4. Aber zurüch zu unserem E-Scooter. Ist mein Vorhaben damit, weil ich mir den Roller nicht rechtswidrig aneignen will, schon gänzlich straflos? Nein, ist es nicht; denn es gibt da diesen § 248b StGB. Danach ist auch der unbefugte Gebrauch eines Fahrzeugs strafbar. Man nennt das den sogenannten Gebrauchsdiebstahl, lateinisch furtum usus, mit der Betonung auf dem zweiten „us“, also Genitiv, u-Deklination. – Diebstahl (furtum) des Gebrauchs (usus). Hätten Sie nicht gedacht, dass Sie das noch einmal brauchen würden, was? – Mit „Fahrzeug“ ist übrigens nicht nur das Kraftfahrzeug (Auto) gemeint, sondern auch ein Fahrrad.

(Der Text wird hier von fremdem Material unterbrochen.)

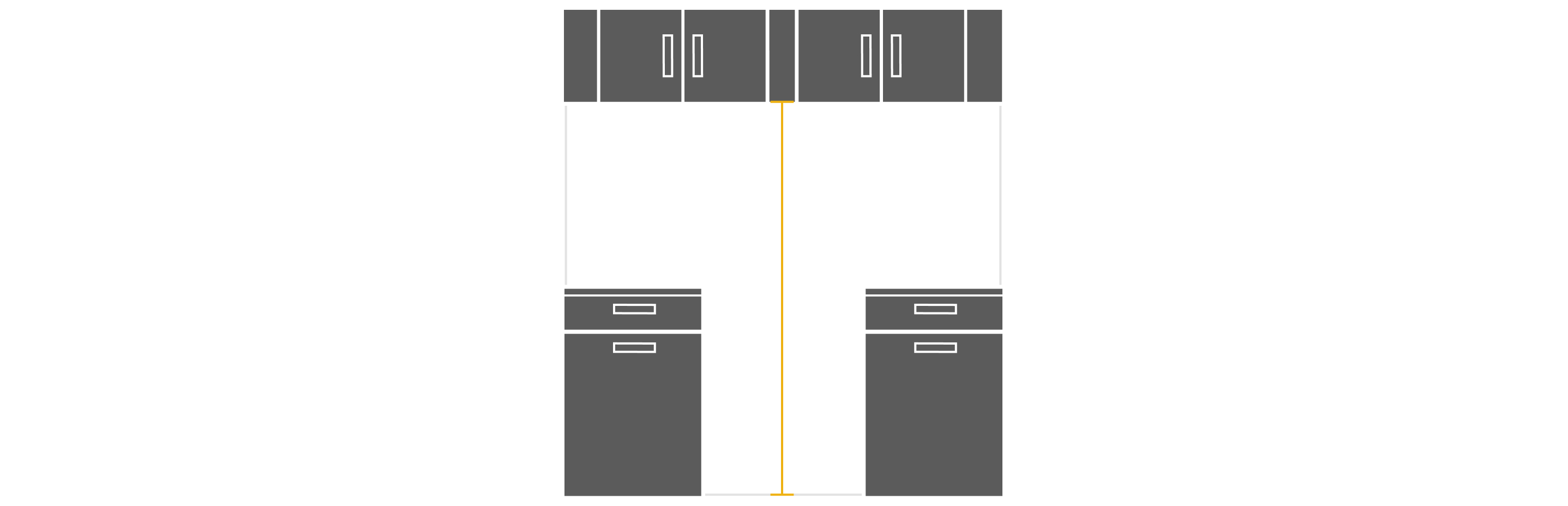Illustration showing how to measure cabinet cutout height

Das steht ausdrücklich im Gesetz. Wer also ein Auto oder auch nur ein Fahrrad wegnimmt, um damit eine Spritztour zu unternehmen, begeht zwar keinen Diebstahl, aber eine unbefugte Gebrauchsanmaßung. Und die ist eben auch strafbar.

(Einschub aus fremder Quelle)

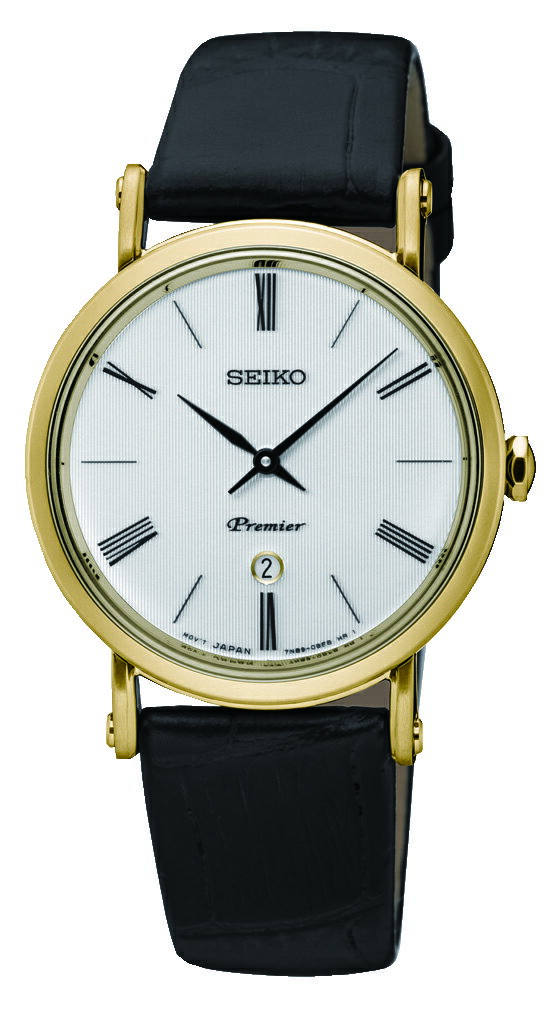 SEIKO 精工 Premier 古羅馬革新藍寶石水晶牛皮手錶 銀 金框 黑 7N89-0AY0K(SXB432J1) 30mm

5. Würde ich also durch meine Aktion mit dem Elektroroller den Straftatbestand des § 248b StGB erfüllen? Nun ja, ganz so eindeutig scheint mir das nicht zu sein. Denn die Firma Tier (oder Circ oder Lime oder wie sie alle heißen) stellt ihre Elektroroller ja gerade deshalb auf die Straße, damit Leute wie ich die Fahrzeuge mieten. Gut, diese „Verleihfirmen“ denken dabei natürlich nicht an die Gestaltung, dass jemand den Roller in den Kofferraum seines Wagens packt und damit spazieren fährt. Sondern die haben schon recht detaillierte Nutzungsbedingungen. Zum Beispiel darf man mit dem Roller nicht in den Englischen Garten fahren, nicht zu zweit drauf stehen und man soll damit auch keine Bierkästen befördern, wie man es manchmal beobachten kann. Aber nicht jeder Verstoß gegen die Nutzungsbedingungen ist auch gleich strafbar. Nein, mein Herr, da muss man schon unterscheiden zwischen Zivilrecht und Strafrecht!

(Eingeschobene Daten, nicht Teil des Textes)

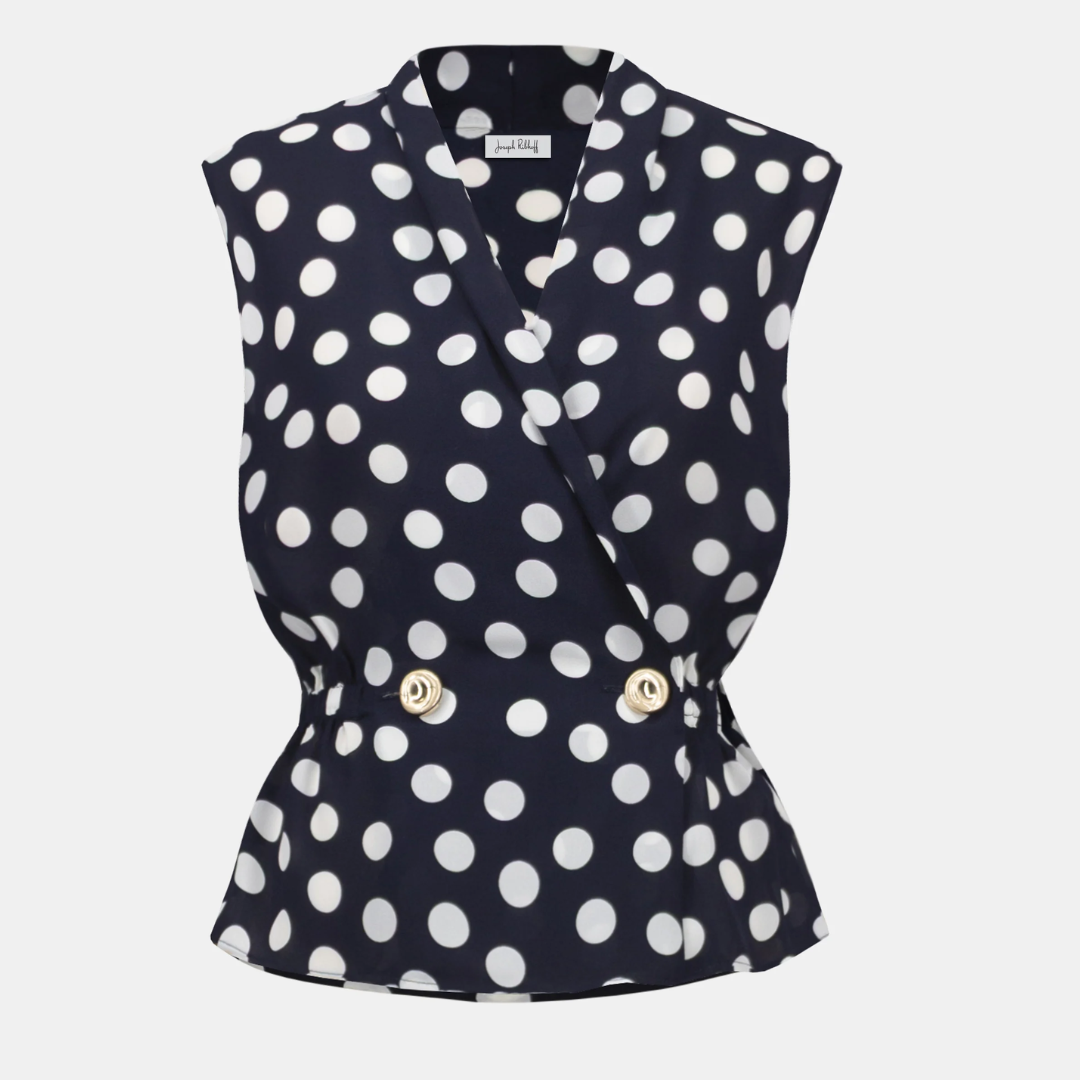 Joseph Ribkoff- Georgette Dot Print Wrap Peplum Top With Gold Buttons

6. Außerdem gibt es meine Aktion mit dem Elektroroller im Kofferraum ja in zwei Varianten: Zum einen kann ich den Roller in den Kofferraum laden und erst in der Werkstatt, wenn ich also mit dem Roller wieder in die Stadt zurückfahren will, die Mietzeit beginnen lassen. Die andere Variante besteht darin, dass ich die Mietzeit schon dann aktiviere, wenn ich den Elektroroller in den Kofferraum lade. Bei dieser letzteren Variante würde ich also die volle Zeit, in der sich das Fahrzeug in meinem Gewahrsam befindet, bezahlen. Der Rollervermietungsfirma entsteht dabei keinerlei Schaden. Im Gegenteil, die bekommen sogar Geld dafür, dass der Elektroroller sehr komfortabel im Kofferraum meines Autos ruht. Also da können die doch eigentlich nichts dagegen haben, oder?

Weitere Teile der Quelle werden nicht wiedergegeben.